Wednesday, 13 December 2017

Booting the C64 System

Foreword

In the previous post we managed to successfully run Klaus Dormann's Test Suite on the Zybo Board.

In this post we will extend our implementation to boot the C64 system.

At the end of this post we will run the resulting implementation in a simulator and in the next post we will get to running it on the ZYBO board.

Adding the C64 ROMS

In order to boot the C64 system we need to add the two ROMS, e.g. BASIC and KERNEL to our design.

The process would be more or less the same as we did with adding the TestSuite binary in previous posts.

Since we are working with ROMS, however, we will only be adding logic to read data from the Block RAM and no write logic.

Since we are dealing with two ROMS and in later posts three ROMS when adding the Chargen ROM, it make sense to extract the common logic into a module of its own. The signature of this module will look as follows:

module rom#(
 parameter ADDR_WIDTH = 13,
 parameter ROM_FILE = ""

)

(
  input clk,
  input wire [ADDR_WIDTH-1:0] addr,
  output reg [7:0] rom_out
    )


You will notice our signature contains an extra section preceded by a hash, which is a style we haven't use before.

The hash section is basically a parameter section, declaring parameters with default values. The nice thing about these parameters is that you can override these values when you create a module instance with suitable values.

In the parameter section of our rom module we have the parameter ADDR_WIDTH with a a default value of 13.  This means that if you instantiate a rom module instance and you don't override the ADDR_WIDTH parameter, your resulting instance can accept addresses of maximum 13 bits.

13 bits gives us 8KB of addressable space.

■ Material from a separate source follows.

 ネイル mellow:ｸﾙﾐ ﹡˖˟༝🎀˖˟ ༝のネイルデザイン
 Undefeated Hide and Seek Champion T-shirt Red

This default is sufficient for both the BASIC ROM and the KERNEL.

In later posts, however, where we will be adding the CharROM which is only 4KB we will need to override the ADDR_WIDTH with a value of 12.

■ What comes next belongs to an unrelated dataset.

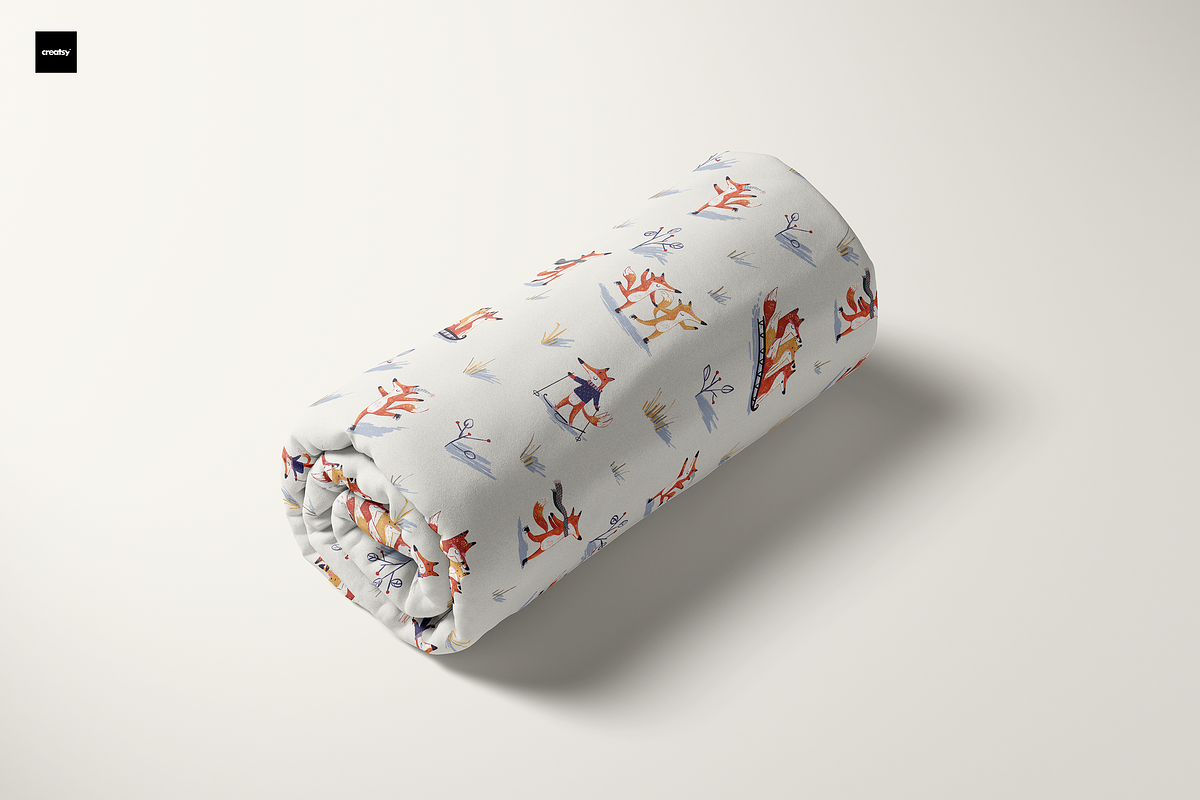 Woodland Winter Foxes Pattern, a Pattern Graphic by Lady Bruniere Design (Photo 6 of 7)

Let us now look at the meat of our rom module:

reg [7:0] rom[2**ADDR_WIDTH-1:0];

 always @ (posedge clk)
    begin
      rom_out <= rom[addr];
    end 

    
initial begin
      $readmemh(ROM_FILE, rom) ;
    end    


We begin by defining an array that will contain the contents for the applicable ROM. In defining the size of the array we make use of the ADDR_WIDTH parameter defined previously.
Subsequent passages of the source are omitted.